### What to produce
Look through the listing and locate every line containing the word "from"; copy those lines.
Provided records Block Start
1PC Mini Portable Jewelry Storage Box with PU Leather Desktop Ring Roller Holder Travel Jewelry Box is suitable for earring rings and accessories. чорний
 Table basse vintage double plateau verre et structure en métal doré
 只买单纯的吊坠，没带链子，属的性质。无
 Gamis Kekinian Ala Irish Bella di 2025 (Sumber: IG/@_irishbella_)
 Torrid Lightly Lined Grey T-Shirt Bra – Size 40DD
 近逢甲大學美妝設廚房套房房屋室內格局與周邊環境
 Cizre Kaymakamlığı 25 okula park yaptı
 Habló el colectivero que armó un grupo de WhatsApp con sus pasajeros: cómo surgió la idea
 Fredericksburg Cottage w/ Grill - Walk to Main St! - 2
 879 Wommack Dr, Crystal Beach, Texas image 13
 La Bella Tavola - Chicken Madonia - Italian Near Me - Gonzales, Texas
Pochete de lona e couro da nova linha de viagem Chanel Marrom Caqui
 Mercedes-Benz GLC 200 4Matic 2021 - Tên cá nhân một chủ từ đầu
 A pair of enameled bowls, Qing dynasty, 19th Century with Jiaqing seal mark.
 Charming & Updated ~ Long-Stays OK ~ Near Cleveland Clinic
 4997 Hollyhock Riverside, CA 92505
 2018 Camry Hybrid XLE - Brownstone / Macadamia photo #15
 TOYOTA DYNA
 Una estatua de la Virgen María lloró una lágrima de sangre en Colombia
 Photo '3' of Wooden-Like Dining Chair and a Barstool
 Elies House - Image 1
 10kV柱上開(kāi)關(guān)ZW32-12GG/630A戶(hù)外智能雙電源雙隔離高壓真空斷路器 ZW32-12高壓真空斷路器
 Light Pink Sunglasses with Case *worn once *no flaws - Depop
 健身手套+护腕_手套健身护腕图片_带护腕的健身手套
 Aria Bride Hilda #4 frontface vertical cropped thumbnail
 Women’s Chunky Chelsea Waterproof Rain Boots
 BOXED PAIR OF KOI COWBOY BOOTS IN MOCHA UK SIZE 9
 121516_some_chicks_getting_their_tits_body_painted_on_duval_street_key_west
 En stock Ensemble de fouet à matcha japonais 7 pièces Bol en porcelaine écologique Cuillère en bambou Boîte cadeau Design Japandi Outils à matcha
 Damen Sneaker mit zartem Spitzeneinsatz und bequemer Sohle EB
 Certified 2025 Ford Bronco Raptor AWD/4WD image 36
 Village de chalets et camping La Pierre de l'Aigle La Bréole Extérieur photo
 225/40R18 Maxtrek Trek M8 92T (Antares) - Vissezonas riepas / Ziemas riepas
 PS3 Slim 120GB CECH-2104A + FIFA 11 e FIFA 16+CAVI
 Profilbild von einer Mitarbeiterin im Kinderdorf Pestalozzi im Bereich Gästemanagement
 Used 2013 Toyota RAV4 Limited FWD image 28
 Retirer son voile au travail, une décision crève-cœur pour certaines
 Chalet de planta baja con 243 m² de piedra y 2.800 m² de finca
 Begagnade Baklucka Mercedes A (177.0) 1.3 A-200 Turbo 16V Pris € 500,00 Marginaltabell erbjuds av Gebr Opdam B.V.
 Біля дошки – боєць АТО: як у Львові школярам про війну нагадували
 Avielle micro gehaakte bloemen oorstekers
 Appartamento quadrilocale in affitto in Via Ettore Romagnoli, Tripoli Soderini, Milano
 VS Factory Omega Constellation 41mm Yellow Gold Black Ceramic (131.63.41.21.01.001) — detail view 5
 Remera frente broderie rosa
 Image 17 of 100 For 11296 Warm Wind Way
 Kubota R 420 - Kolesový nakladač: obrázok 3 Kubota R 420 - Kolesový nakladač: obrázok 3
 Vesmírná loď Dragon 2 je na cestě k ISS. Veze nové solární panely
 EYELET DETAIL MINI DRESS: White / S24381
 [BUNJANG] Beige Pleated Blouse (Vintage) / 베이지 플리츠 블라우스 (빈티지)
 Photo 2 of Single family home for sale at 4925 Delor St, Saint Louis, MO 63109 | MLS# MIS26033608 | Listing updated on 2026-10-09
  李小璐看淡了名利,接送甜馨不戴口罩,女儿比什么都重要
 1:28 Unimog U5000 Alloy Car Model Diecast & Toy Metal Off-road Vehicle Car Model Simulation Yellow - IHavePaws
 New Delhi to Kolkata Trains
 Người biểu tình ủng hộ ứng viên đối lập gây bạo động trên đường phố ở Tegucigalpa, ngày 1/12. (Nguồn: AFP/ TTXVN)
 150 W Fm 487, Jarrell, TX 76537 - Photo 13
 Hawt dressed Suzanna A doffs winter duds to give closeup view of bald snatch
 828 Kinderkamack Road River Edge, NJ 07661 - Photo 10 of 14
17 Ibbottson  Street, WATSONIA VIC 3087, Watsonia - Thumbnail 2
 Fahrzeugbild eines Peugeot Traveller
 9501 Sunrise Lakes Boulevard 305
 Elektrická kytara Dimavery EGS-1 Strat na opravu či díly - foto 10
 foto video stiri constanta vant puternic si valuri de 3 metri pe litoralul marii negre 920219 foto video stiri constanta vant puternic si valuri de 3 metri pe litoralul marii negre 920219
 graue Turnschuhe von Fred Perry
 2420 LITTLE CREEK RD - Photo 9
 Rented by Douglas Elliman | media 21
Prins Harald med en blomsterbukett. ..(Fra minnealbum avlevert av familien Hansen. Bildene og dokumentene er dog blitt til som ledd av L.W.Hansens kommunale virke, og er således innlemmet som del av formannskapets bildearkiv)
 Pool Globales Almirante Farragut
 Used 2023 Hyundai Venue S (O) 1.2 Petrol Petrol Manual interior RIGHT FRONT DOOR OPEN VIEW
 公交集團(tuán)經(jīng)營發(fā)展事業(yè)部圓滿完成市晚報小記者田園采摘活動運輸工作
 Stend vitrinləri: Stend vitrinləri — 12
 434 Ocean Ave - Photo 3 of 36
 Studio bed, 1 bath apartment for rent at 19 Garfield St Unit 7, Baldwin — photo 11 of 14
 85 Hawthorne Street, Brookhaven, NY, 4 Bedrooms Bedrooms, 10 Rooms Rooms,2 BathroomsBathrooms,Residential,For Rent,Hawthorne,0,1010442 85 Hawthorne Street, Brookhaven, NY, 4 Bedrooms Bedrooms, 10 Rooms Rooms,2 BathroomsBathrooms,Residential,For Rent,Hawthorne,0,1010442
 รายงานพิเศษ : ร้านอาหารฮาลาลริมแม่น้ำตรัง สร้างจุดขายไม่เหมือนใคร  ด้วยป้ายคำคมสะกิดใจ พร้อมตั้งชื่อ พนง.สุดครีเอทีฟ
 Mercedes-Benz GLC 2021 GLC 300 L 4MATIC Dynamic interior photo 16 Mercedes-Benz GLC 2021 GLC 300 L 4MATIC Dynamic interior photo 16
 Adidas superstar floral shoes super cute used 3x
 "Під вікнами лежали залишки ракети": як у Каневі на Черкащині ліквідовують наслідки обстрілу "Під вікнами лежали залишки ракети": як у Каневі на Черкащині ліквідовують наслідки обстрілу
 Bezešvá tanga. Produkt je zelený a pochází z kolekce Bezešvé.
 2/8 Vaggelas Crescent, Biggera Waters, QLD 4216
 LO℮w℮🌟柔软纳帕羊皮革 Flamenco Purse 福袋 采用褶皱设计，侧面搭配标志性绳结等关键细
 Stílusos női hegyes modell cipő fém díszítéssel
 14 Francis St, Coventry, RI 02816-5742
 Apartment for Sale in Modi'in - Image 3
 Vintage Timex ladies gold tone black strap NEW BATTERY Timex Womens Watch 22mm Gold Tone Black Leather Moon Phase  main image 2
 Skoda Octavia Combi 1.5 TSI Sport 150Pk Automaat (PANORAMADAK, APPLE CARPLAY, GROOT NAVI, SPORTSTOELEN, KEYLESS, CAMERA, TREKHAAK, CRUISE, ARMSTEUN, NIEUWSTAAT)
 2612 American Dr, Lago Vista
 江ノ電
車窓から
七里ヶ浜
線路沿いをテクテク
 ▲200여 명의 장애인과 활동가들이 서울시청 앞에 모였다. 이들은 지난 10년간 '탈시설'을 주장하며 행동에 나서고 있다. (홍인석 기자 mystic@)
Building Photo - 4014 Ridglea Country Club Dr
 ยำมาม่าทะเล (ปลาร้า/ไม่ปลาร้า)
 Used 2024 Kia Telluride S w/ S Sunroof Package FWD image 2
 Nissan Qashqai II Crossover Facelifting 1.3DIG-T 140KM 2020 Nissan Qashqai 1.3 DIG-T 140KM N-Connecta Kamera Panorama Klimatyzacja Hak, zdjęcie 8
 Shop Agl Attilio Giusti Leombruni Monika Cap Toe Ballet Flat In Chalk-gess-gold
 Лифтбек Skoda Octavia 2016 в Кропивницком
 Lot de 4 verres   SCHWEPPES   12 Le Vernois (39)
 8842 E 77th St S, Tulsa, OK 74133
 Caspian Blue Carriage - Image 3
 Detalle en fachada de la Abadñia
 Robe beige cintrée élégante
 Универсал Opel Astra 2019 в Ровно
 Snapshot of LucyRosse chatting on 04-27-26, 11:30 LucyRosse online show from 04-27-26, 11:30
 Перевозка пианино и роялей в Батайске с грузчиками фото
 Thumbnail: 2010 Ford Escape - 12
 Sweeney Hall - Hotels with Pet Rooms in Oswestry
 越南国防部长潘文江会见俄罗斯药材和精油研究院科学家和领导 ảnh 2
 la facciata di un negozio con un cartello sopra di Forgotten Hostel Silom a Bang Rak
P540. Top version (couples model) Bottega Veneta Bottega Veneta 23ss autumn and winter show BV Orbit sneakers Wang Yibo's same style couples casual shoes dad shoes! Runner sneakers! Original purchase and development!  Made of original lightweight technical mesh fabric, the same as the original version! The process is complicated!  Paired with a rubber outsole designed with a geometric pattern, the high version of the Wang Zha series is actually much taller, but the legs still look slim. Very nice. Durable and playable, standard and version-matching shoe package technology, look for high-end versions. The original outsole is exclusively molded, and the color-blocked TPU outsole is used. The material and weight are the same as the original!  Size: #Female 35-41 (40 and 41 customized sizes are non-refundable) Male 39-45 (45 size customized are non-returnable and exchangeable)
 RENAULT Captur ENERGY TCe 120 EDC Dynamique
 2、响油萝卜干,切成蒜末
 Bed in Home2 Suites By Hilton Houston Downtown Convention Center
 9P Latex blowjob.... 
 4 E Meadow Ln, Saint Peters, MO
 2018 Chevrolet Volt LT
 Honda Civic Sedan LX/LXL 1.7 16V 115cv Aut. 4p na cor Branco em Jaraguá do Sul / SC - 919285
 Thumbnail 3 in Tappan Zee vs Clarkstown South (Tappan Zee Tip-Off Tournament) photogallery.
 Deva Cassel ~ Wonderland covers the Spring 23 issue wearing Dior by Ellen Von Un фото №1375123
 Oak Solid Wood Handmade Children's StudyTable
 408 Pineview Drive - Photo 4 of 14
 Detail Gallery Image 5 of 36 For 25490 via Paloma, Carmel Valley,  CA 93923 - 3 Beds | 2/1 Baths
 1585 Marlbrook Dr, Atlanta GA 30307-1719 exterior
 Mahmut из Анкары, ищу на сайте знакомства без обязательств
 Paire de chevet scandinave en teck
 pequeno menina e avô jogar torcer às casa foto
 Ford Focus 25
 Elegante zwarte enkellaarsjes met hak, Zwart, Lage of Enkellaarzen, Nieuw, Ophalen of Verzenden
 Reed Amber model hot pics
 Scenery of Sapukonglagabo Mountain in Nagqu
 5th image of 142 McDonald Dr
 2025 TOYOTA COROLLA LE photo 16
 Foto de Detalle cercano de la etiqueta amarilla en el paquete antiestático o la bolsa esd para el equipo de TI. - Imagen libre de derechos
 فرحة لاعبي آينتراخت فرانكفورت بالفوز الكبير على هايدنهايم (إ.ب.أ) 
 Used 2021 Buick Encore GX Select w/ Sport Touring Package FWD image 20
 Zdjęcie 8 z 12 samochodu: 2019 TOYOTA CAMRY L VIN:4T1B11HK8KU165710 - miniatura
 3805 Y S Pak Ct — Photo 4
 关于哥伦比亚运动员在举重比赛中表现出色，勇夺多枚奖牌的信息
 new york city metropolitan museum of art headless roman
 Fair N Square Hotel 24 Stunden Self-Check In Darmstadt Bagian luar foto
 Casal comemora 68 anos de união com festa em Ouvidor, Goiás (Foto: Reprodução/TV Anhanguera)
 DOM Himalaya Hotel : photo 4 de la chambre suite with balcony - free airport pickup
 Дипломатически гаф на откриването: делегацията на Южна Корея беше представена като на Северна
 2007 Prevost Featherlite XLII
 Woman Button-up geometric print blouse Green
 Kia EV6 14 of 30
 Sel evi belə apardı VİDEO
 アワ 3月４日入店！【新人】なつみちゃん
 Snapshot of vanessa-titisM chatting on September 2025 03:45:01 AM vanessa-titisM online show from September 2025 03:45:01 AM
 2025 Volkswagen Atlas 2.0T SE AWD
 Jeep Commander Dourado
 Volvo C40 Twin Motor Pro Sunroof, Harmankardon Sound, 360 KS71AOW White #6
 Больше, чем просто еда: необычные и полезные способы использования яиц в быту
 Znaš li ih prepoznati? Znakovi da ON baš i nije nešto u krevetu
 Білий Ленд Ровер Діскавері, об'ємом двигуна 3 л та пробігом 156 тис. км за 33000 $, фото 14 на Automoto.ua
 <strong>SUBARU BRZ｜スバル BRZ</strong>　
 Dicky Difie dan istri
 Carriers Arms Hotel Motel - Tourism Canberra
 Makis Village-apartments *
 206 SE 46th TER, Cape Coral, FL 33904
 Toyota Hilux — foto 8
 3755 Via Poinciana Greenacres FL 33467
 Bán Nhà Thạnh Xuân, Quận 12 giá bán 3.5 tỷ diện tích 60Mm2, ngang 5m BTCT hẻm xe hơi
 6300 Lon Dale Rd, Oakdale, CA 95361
Provided records Block End
### Response to this task
 Snapshot of LucyRosse chatting on 04-27-26, 11:30 LucyRosse online show from 04-27-26, 11:30
 Snapshot of vanessa-titisM chatting on September 2025 03:45:01 AM vanessa-titisM online show from September 2025 03:45:01 AM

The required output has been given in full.